Fibre to the Node just means there are fibre-optic cables going to a cabinet somewhere (on the street or at the bottom of the building), where it probably switches to co-ax until it gets to the modem. It has nothing to do with the business model of your ISP.

It's highly unlikely that Ethernet cables are coming into your building - they do not support the distances required without (relatively) expensive repeaters, which also add a lot of latency.

* there may actually be a couple, for redundancy and/or increased bandwidth.

  • I agree that there's a cabinet somewhere in the building containing some kind of Ethernet switch. The purpose of the switch is to fan-out the Internet connection to the apartments. There a lot of Metro Ethernet in New York, where Ethernet is carried over fiber to the building, and then distributed from there via a standard Ethernet switch. There's something a lot like a modem that basically converts the media from Fiber to classical Cat 5/6 physical layer.
    – the_limey
    Jul 30, 2020 at 9:43

You don't have a modem... for some definition of "modem".

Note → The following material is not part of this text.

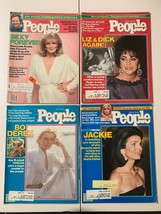 Lot of 4 Vintage People Magazines Liz Taylor Linda Evans Bo Derek Jackie1981-83^ - £26.33 GBP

Your Ethernet port actually contains a modem (modulator-demodulator). That's what converts the digits in your computer into analog electric vibrations over the cable.

From a more general networking viewpoint, your DSL line, or Ethernet, or wifi connection or optical cable, whatever - are not much different. You have some signal going in some media using some protocol - and modems/tranceivers at both ends.

What your ISP sells you as a "modem" (if they do) is up to them, as long as you are OK using it. It is usually a router that has a port compatible with their network (DSL, DOCSIS, optical, cellular or even Ethernet).

In a lot of places with higher populaiton density it is both cheaper and easier to build an Ethernet LAN for a building, a neighborhood or a small vilage. It may or may not have an optical backbone and it may have whatever uplink is available. (It also may or may not have a static/lighting protection, but that's another story...).

Ethernet ISPs are quite popular in a price-sensitive markets as in Eastern Europe. I see no technical reason why they shouldn't operate in any apartment building (regulation may be a non-technical reason). It may be just the landlord if the building has a single/major one.

Where I live (Sofia) ~60% of the Internet customers just get Ethernet and everything is as simple as plugging the cable in your computer. It is up to you to install a wifi router (or your ISP may sell you a medicore one).